What AB InBev’s takeover of SABMiller could mean for Nigeria’s beer market
- AB InBev is the world’s largest beer producer.
- SABMiller may be poised to expand its operations across Nigeria.
After weeks of intense negotiations, Anheuser-Busch InBev (AB InBev), the world’s largest beer producer, agreed to takeover SABMiller, the second largest, in a $106 billion deal, last week.
AB InBev, Belgium’s largest company by market size, agreed to pay $67 per share for SABMiller, a 50 percent premium above its share price before the reports of the merger emerged.
AB InBev and SABMiller have largely complementary geographical footprints. AB InBev has operations mainly in the more established European and U.S. markets, while SABMiller has operations mainly in emerging markets such as Africa, Asia and Latin America.
The combined entity will be the world’s biggest brewer by far, earning half the industry’s profits and making one in three beers worldwide, according to the Economist.
SABMiller in Africa
A South African beverage company with headquarters in London and listed on the London Stock Exchange, SABMiller has operations in 15 African countries and a stake in 21 others through its alliance with Castel, a French drinks firm. The company is also a leading bottler of Coca-Cola in several African countries. The company earns 29 percent of its profits in Africa and declared a profit of $3.3 billion in 2014.
SABMiller in Nigeria
SABMiller is the third largest brewer in Nigeria after Heineken’s Nigerian Breweries and Diageo’s Guinness Nigeria.
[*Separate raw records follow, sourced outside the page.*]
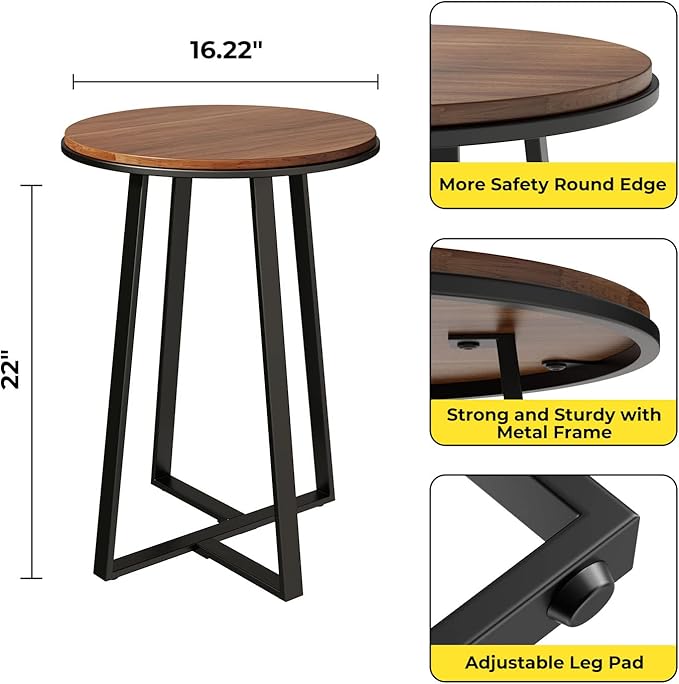 Round End Tables, Small Side Table Walnut Color MDF Top, Metal Frame Black, Tall End Table for Bed Room, Coffee Tea End Table for Living Room(Walnut+Black)-Ruum Studio Home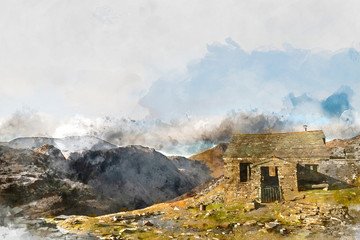 Fototapeta na wymiar Digital watercolor painting of Autumn Fall landscape image of old bothy in Lake Districtr mountains near Buttermere with Haystacks and High Stiel in the distance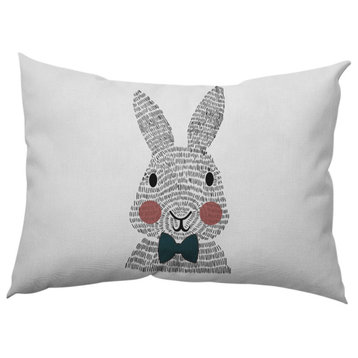 Bow-tie Bunny Easter Decorative Lumbar Pillow, Ocean Abyss Green, 14x20"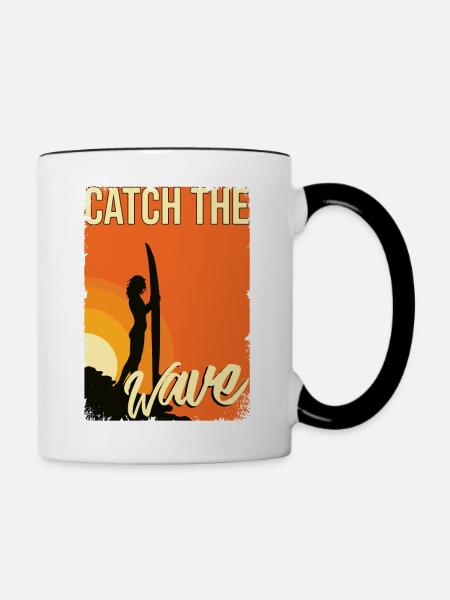 Surfing - Tasse zweifarbig - Weiß/Schwarz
Unlike other brewers, SABMiller made a late entry into the Nigerian beer market in 2009.
But the company moved swiftly, buying Port Harcourt-based Pabod Breweries, makers of Grand lager beer, and Ilesa-based International Breweries, makers of Trophy lager. In 2012, SABMiller established a $100 million brewery in Onitsha, which makes Hero lager.
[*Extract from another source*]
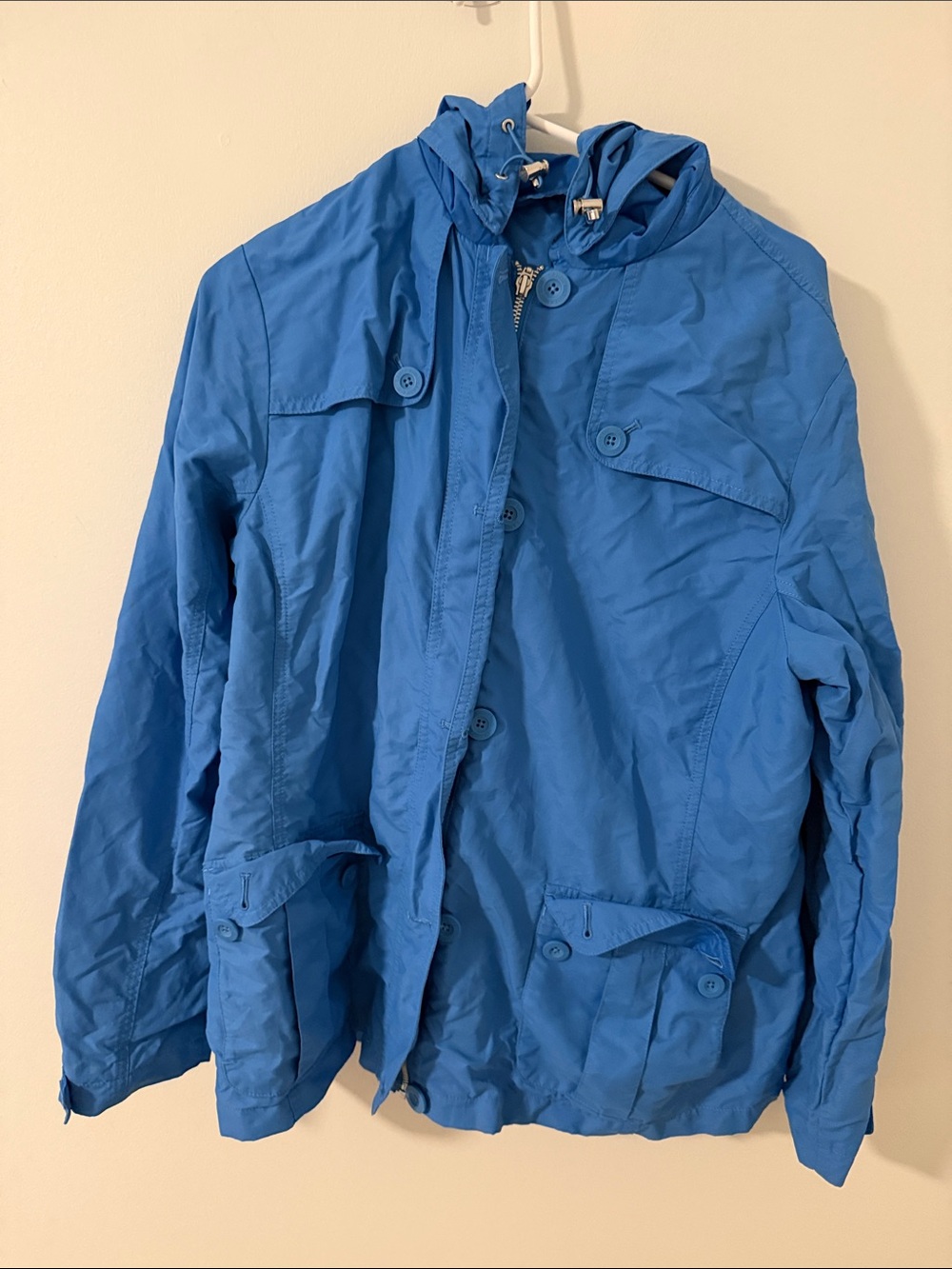 Lands' End Blue Utility Jacket with Hood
SABMiller has been pursuing a regional strategy in Nigeria rather than taking on its more nationally established competitors head on. The company also sells low-cost products; for instance, its beers are about 40 percent cheaper than its rivals.
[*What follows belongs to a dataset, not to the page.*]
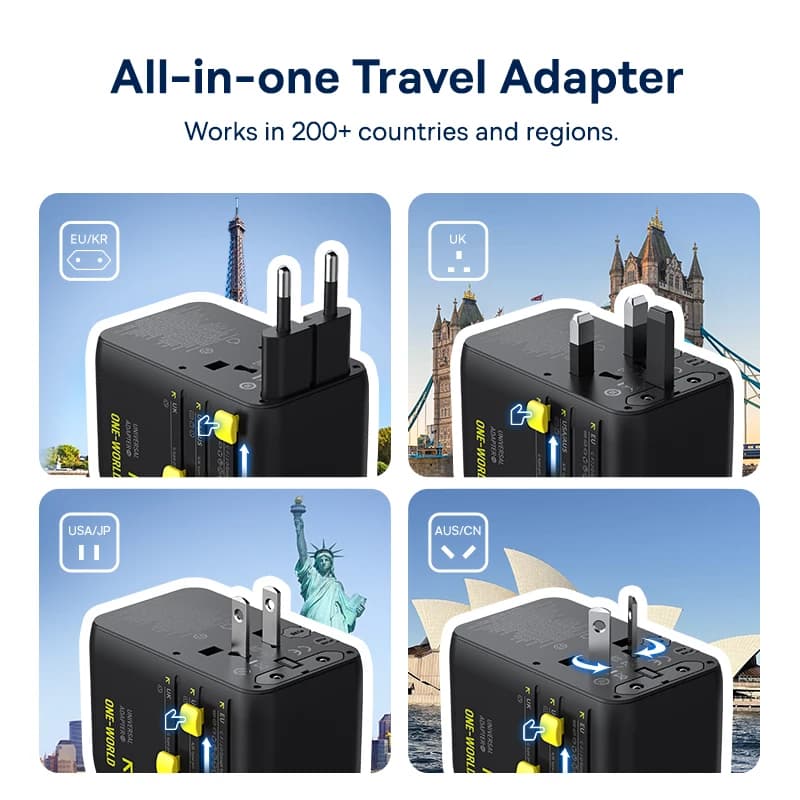 شاحن Baseus GaN محول سفر عالمي كابل قابل للسحب مدمج 70W 2AC 2 USB-A Type-C شحن سريع EU/UK/USA/AUS - 2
Just like in other African countries, SABMiller is targeting the informal beer market, which is dominated by home brewers and bootleggers. These cheap, and mostly unhygienic, local brewers supply more than two-thirds of all beer consumed in Africa. SABMiller estimates that the informal beer market in Africa is worth up to $3 billion.
With the impending AB InBev merger, SABMiller may be poised to expand its operations across Nigeria, now Africa’s largest beer market, and challenge its much larger rivals for national market share.